If I'm not mistaken, the Wetterich equation should read, for a Yukawa theory, as $$k\partial_k \Gamma_k[\phi, \psi, \bar{\psi}] = \frac{1}{2} \textrm{Tr}\left[\left(\frac{\delta^2 \Gamma_k}{\delta\phi \delta \phi} + R_{k,\phi}\right)^{-1}k\partial_k R_{k,\phi}\right] - \textrm{Tr}\left[\left(\frac{\delta^2 \Gamma_k}{\delta\psi \delta \bar{\psi}} + R_{k,\psi}\right)^{-1}k\partial_k R_{k,\psi}\right],$$ where $\phi$ is a scalar field and $\psi$ and $\bar{\psi}$ correspond to a Dirac fermion. I tried to consider the truncation, in Euclidean space, $$\Gamma_k[\phi, \psi, \bar{\psi}] = \int \frac{1}{2}(\partial_\mu \phi)^2 + \frac{m^2_k}{2}\phi^2 + \frac{\lambda_k}{4!}\phi^4 + i \bar{\psi} \gamma^\mu \partial_\mu \psi + i \bar{\psi} M_k \psi + i g_k \phi\bar{\psi}\psi \ \textrm{d}^d{x},$$ which I decided to try after taking a look at Eq. (5) of arXiv: 1308.5075 [hep-ph] (this paper is not central to the question, it is just the only reference I found working out a Yukawa interaction). For simplicity, I'm ignoring the running of the wavefunction normalizations $Z_{k,\phi}$ and $Z_{k,\psi}$ at this stage and setting them to $1$.

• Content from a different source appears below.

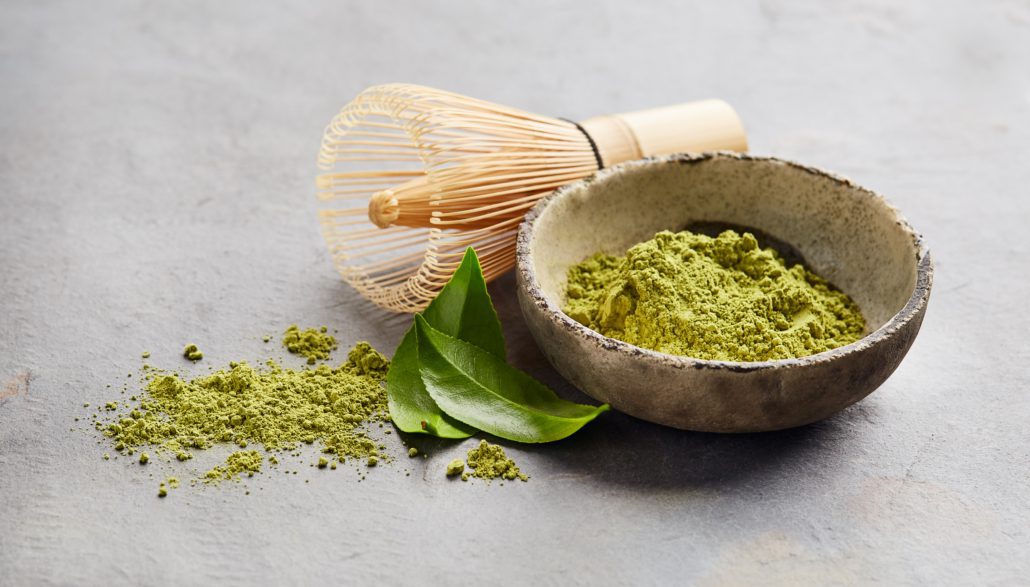 A bowl with a whisk and matcha powder in the bowl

My problem is: when I take the functional derivatives of the EAA, I get $$\frac{\delta^2 \Gamma_k}{\delta\phi \delta \phi} = p^2 + m^2_k + \frac{\lambda_k}{2}\phi^2$$ and $$\frac{\delta^2 \Gamma_k}{\delta\psi \delta \bar{\psi}} = \gamma^\mu p_\mu + i M_k + ig_k\phi.$$

However, this means that $\psi$ and $\bar{\psi}$ are occurring nowhere on the Wetterich equation, and hence I'm not getting any running for the Yukawa coupling, for example, since that would be given in a term of $k\partial_k \Gamma_k$ with the form $\phi \psi \bar{\psi}$. I considered the possibility that my truncation is too violent and I should consider, e.g., a four-fermion term as well, but it seems to me that that would not recover the perturbative results, which can be calculated considering just the perturbatively renormalizable terms. What I am doing wrong?

I'm quite new to this formalism. Feel free to criticize any other mistakes you find in the previous expressions and to suggest relevant references.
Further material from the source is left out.